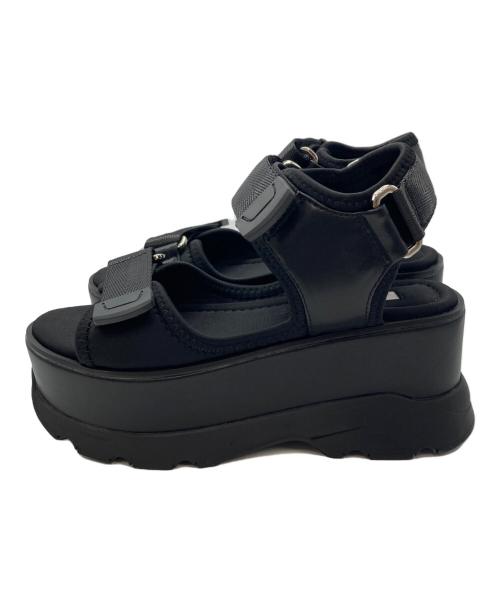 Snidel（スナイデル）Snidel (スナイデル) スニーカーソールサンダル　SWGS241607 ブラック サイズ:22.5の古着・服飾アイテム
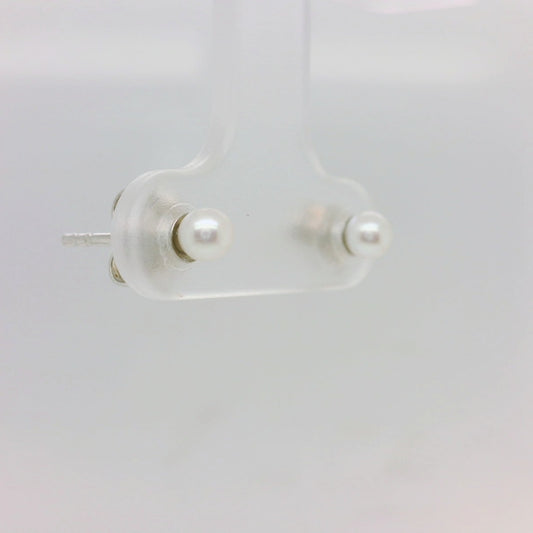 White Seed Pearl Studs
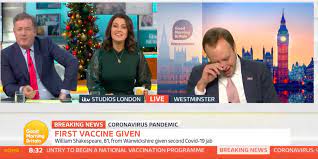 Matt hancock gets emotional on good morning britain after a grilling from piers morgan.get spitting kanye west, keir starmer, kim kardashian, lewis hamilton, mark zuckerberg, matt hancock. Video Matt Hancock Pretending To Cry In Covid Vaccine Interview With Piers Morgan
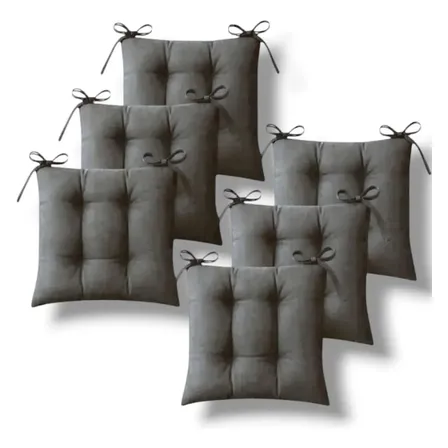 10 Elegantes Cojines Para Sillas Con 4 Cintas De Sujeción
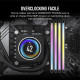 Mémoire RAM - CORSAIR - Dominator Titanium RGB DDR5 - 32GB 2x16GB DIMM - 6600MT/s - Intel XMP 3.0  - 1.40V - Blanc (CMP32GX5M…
* * *
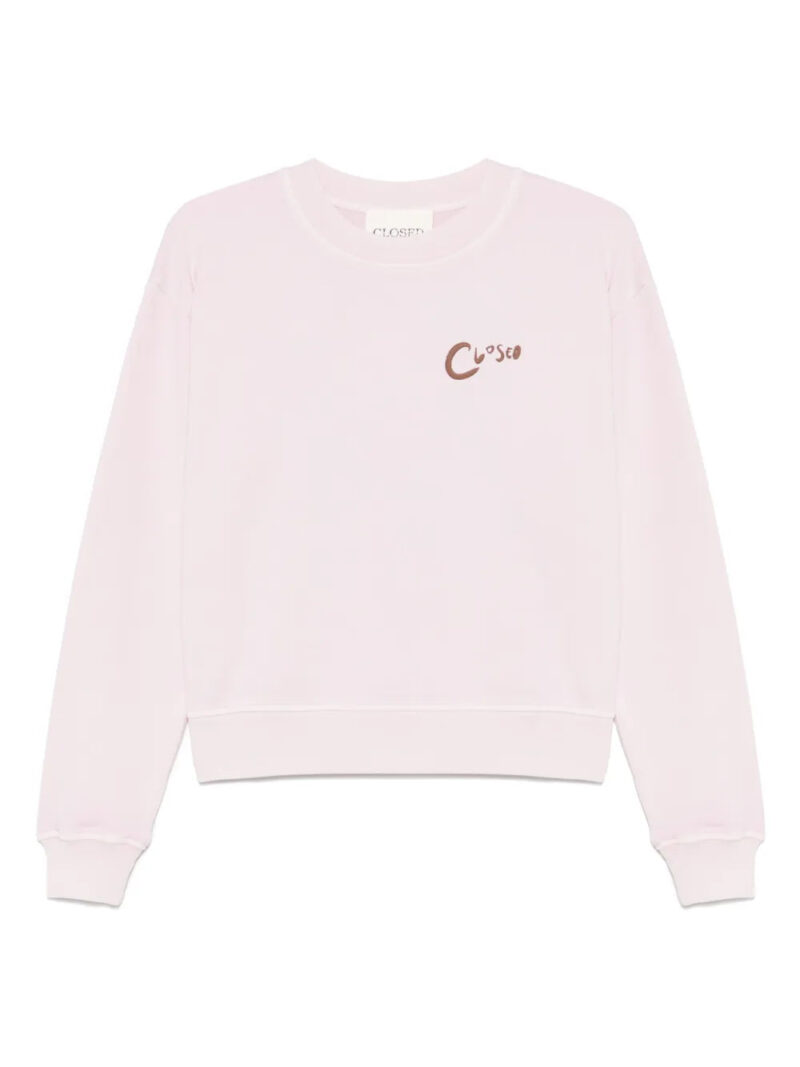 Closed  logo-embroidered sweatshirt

_Brief_
Go back to the listing above and reproduce, exactly, the stretch from the line bearing "White Seed Pearl Studs" through the line bearing "Matt hancock gets", without its pictures.

_Answer area_
 White Seed Pearl Studs
 Matt hancock gets emotional on good morning britain after a grilling from piers morgan.get spitting kanye west, keir starmer, kim kardashian, lewis hamilton, mark zuckerberg, matt hancock. Video Matt Hancock Pretending To Cry In Covid Vaccine Interview With Piers Morgan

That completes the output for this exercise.